What is the difference between a Quit Claim Deed and a Warranty Deed? A Quit Claim Deed does not give a statement of warranty, leaving very little protection to the actual transfer. The Grantor essentially tells the beneficiary of the document that it does not warrant what (s)he owns, but is transferring the property the grantor thinks and assumes (s)he owns. There is no recourse if there is a problem with the title.
As an example, let’s assume an investor purchased property and received a Warranty Deed and owner’s title insurance policy. S(he )then transfers the property to their spouse, a living trust or a related corporation for estate planning, tax or business purposes. After the transfer, a title defect is discovered. If they transferred the property via Quit Claim Deed, the grantee has no recourse against you, since the property had been Quit Claimed. Therefore they would lose their right to make a claim under their title policy. On the other hand, if you transfer the property by Warranty Deed, upon discovery of the title defect, the grantee may maintain an action against you for breach of the title warranties inherent in a Warranty Deed. This could then permit you, as insured under your title insurance policy to make a claim.

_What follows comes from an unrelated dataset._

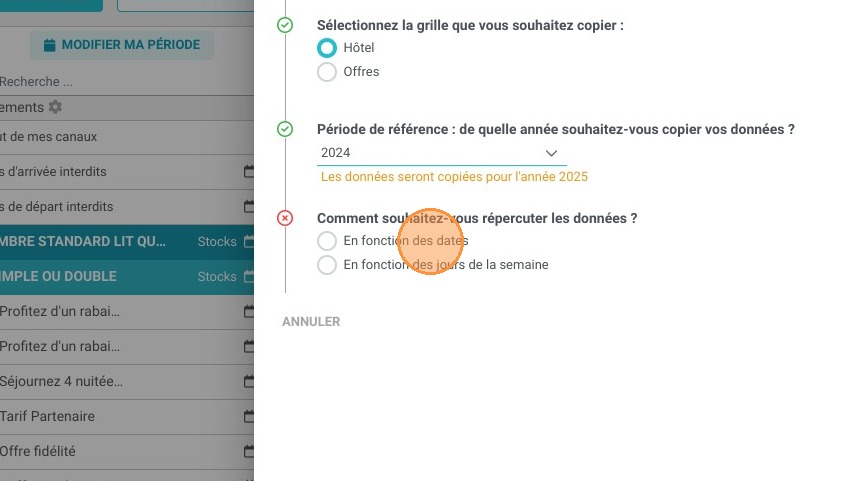 https://colony-recorder.s3.amazonaws.com/files/2024-08-20/e80f8e14-4ee0-45b6-a85d-b5889591539d/ascreenshot_2e79531d9ad545d1ab84defae779ece2_text_export.jpeg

I know you may have heard and will continue to hear individuals in the real estate field and professionals talk about Quit Claiming property out of your personal name for asset protection. While this is very well true, the potential pitfall to keep in mind when doing so is that it may very well nullify the title policy that was obtained initially when the property was first purchased by that particular individual in his/her personal name. Once the title of the property is conveyed to the new entity, the Quit Claim warrants nothing for the new title holder which would be your entity! If a title issue where to arise after the property had been Quit Claimed to the new entity, it is highly likely that the title policy would not cover the entity’s claim.
As always, it is highly recommended to consult with an attorney before transferring title to any person or entity. Also be certain the attorney is asking the right questions to make the determination before transferring your property via Quit Claim Deed. It is also imperative as an investor that you ask the proper questions and confirm that any conveyance of property is done in the right manner and with the proper protections in place to preserve your rights under the title insurance policy.